__Records for this exercise__
* * * *
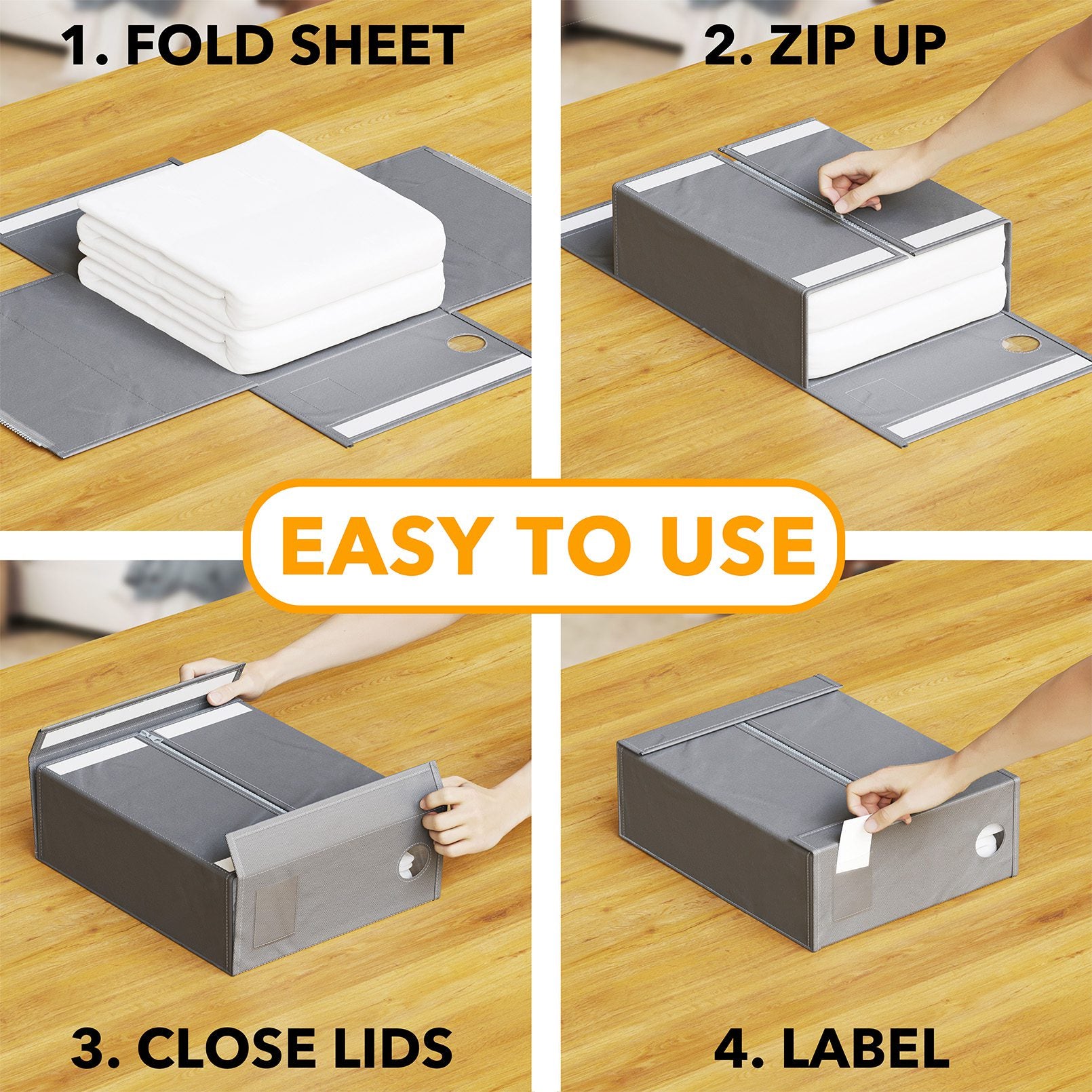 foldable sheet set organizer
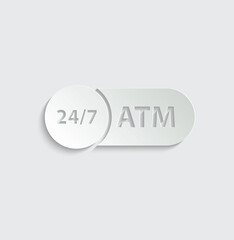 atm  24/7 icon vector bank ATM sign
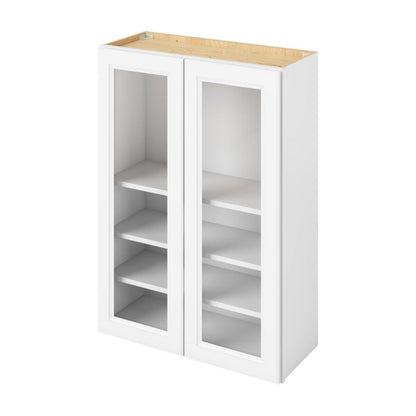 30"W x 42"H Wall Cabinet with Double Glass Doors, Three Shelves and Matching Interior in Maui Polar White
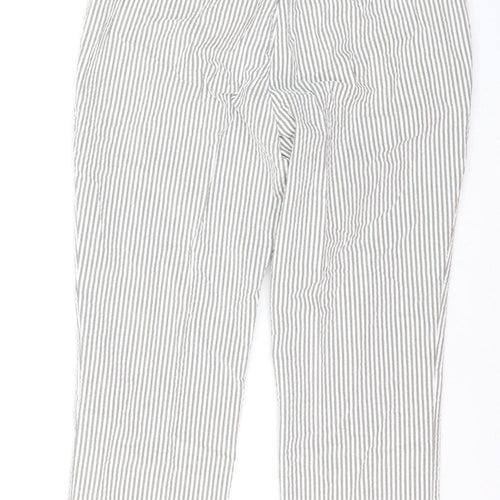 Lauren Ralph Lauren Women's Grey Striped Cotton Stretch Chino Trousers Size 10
* * * *
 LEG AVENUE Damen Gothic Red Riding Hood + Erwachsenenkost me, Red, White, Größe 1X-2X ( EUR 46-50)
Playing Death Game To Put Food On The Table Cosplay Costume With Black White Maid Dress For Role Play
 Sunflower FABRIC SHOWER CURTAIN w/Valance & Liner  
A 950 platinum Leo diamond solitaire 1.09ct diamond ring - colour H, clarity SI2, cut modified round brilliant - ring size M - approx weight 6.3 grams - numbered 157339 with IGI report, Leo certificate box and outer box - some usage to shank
* * * *
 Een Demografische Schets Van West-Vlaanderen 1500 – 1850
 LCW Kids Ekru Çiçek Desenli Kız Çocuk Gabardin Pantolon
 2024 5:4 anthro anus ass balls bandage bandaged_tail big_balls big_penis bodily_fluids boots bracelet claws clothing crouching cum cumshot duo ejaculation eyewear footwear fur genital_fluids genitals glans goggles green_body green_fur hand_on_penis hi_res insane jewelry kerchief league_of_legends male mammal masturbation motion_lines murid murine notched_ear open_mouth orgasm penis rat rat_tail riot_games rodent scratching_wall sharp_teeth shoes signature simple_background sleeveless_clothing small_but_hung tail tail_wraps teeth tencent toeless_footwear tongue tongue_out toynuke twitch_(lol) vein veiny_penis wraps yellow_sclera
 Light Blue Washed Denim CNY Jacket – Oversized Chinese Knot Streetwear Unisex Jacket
* * * *
__Aim of the exercise__
Only one stretch of the listing is wanted: the lines starting at the one with "foldable sheet set organizer" and ending at the one with "Lauren Ralph Lauren", copied exactly and free of pictures.

__Output below__
 foldable sheet set organizer
 atm  24/7 icon vector bank ATM sign
 30"W x 42"H Wall Cabinet with Double Glass Doors, Three Shelves and Matching Interior in Maui Polar White
 Lauren Ralph Lauren Women's Grey Striped Cotton Stretch Chino Trousers Size 10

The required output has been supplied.